> _Extracted data_:
----
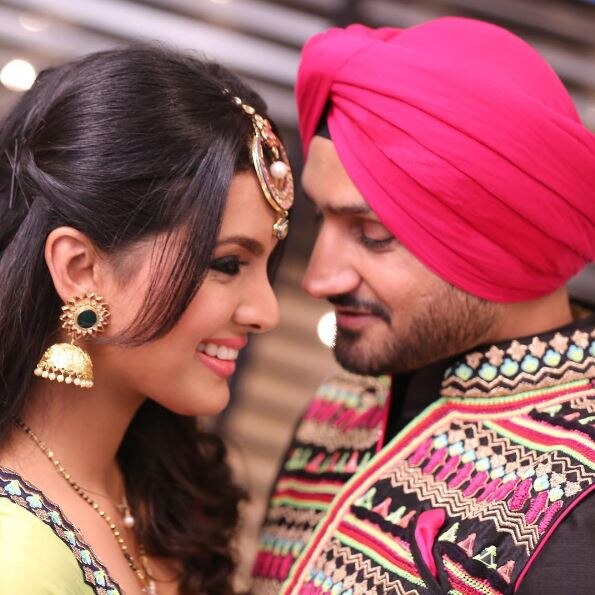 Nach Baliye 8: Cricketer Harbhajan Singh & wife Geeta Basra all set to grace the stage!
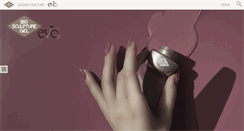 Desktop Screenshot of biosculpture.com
----
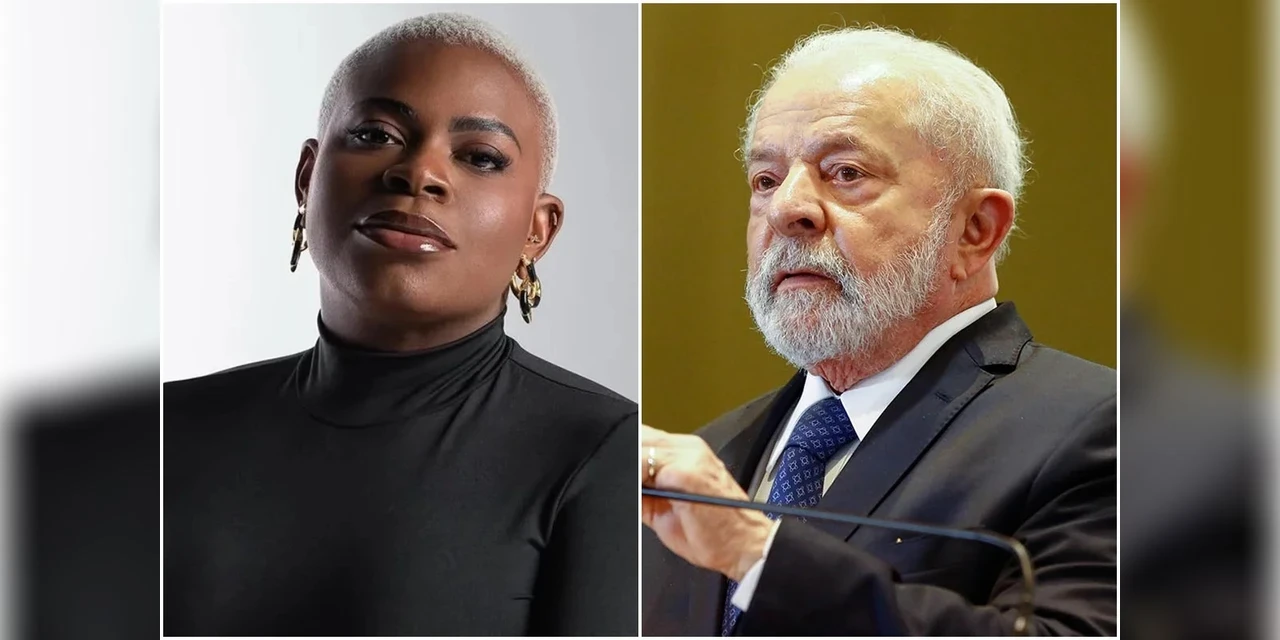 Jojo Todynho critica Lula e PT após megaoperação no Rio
----
> _Activity_:
Start with the line with "Nach Baliye 8: Cricketer" in the listing above and stop after the line with "Desktop Screenshot of biosculpture.com". Write out exactly the lines in that stretch and no others, without pictures.

> _Answer box_:
 Nach Baliye 8: Cricketer Harbhajan Singh & wife Geeta Basra all set to grace the stage!
 Desktop Screenshot of biosculpture.com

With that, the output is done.